__What to work on__.
In your copy of the data, omit the pictures and keep all else exactly as given.

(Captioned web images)
● ● ● ● ● ● ●

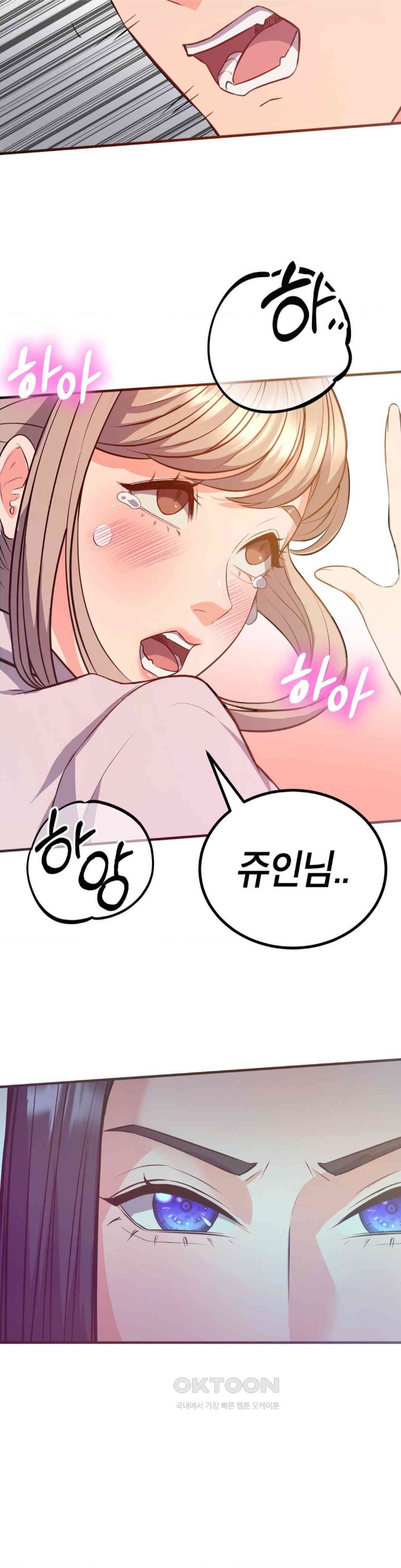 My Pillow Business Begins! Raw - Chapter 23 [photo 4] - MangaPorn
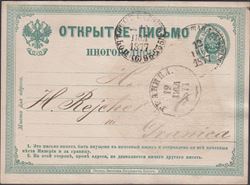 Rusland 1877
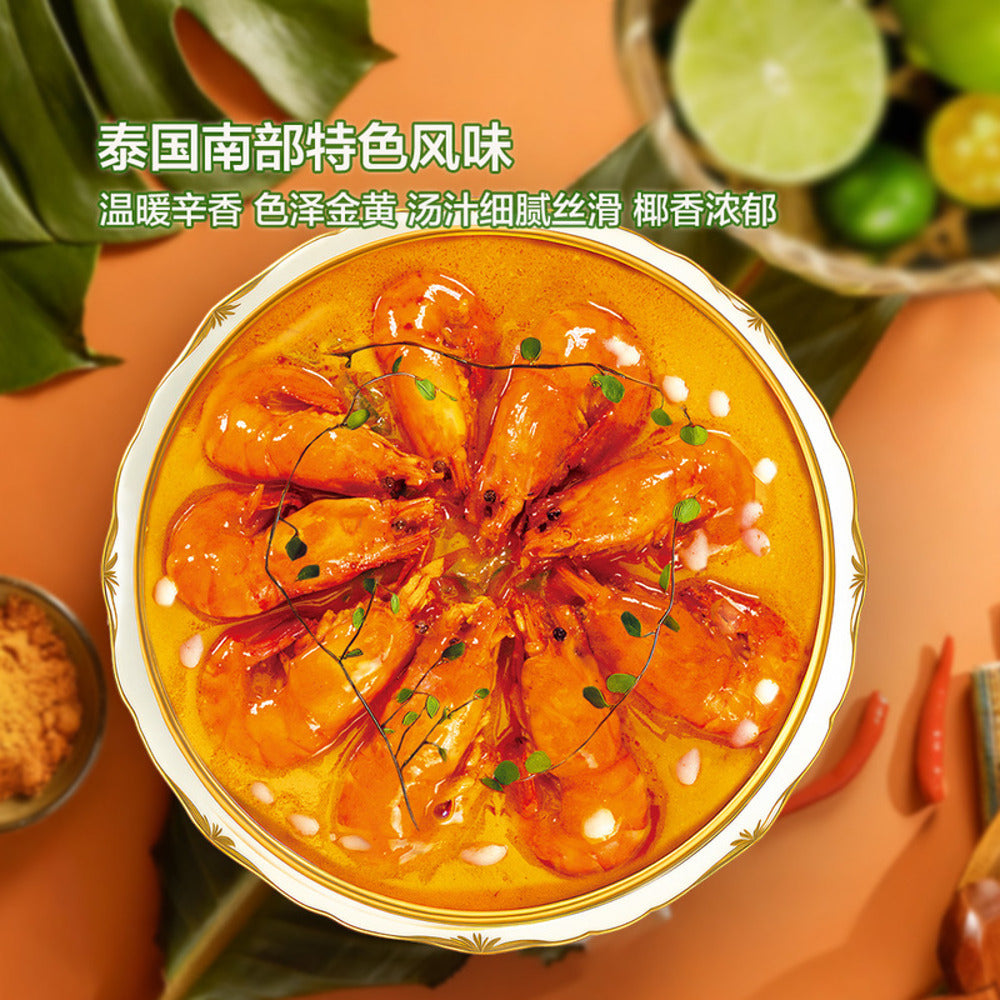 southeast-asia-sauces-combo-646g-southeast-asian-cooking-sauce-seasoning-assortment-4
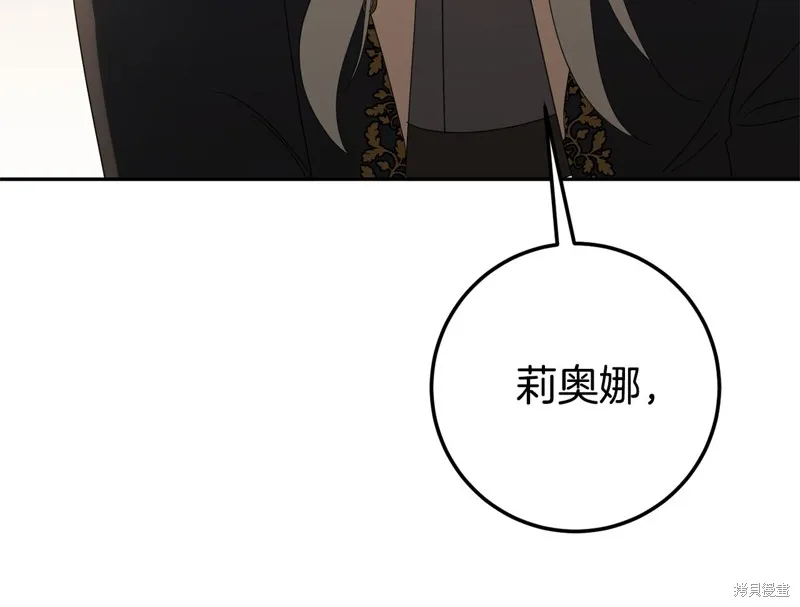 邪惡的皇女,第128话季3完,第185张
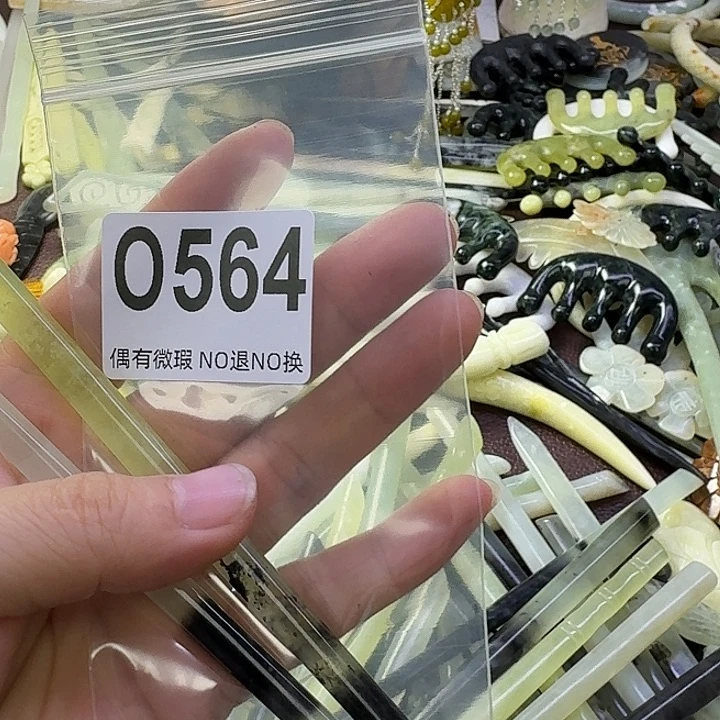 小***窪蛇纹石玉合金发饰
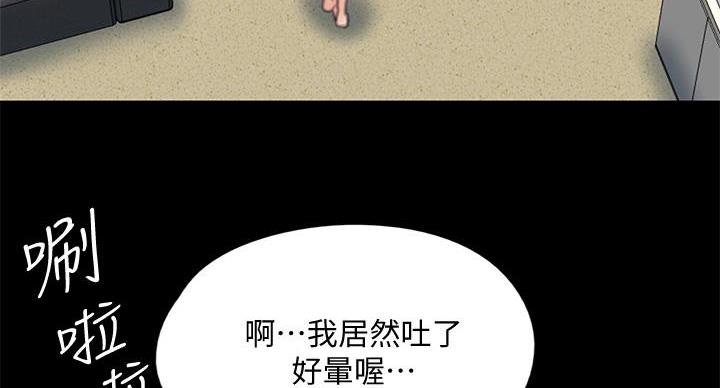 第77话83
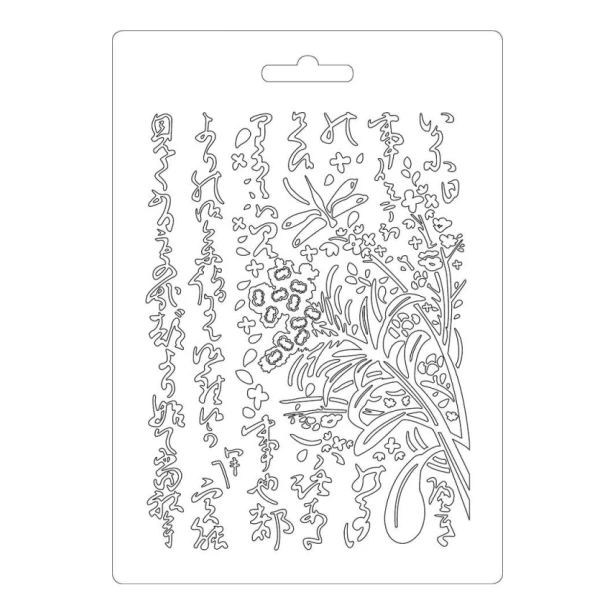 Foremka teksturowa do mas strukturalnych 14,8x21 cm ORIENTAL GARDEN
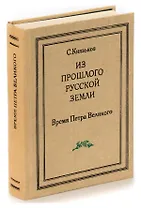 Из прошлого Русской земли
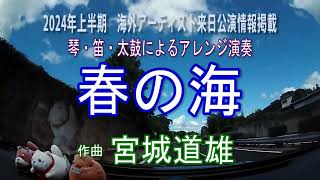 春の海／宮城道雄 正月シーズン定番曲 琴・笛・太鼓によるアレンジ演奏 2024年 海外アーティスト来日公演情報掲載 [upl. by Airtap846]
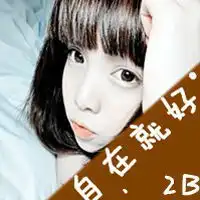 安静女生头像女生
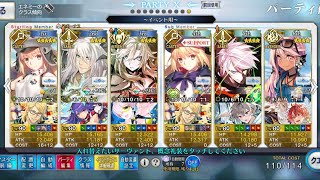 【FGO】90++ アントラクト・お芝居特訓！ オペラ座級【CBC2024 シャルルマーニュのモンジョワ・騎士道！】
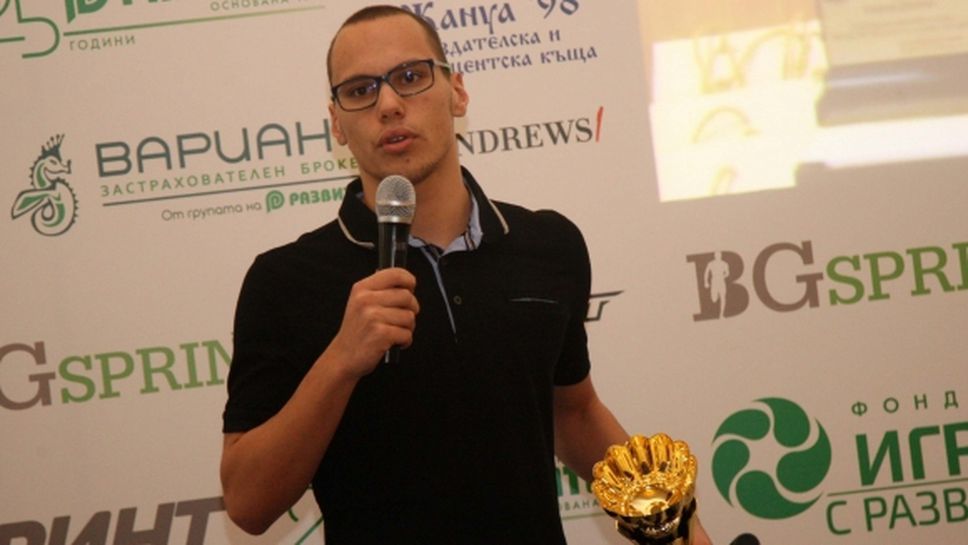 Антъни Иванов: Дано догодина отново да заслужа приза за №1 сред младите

● ● ● ● ● ● ●

__Response__.
 My Pillow Business Begins! Raw - Chapter 23 [photo 4] - MangaPorn
 Rusland 1877
 southeast-asia-sauces-combo-646g-southeast-asian-cooking-sauce-seasoning-assortment-4
 邪惡的皇女,第128话季3完,第185张
 小***窪蛇纹石玉合金发饰
 第77话83
 Foremka teksturowa do mas strukturalnych 14,8x21 cm ORIENTAL GARDEN
 Из прошлого Русской земли
 春の海／宮城道雄 正月シーズン定番曲 琴・笛・太鼓によるアレンジ演奏 2024年 海外アーティスト来日公演情報掲載 [upl. by Airtap846]
 安静女生头像女生
 【FGO】90++ アントラクト・お芝居特訓！ オペラ座級【CBC2024 シャルルマーニュのモンジョワ・騎士道！】
 Антъни Иванов: Дано догодина отново да заслужа приза за №1 сред младите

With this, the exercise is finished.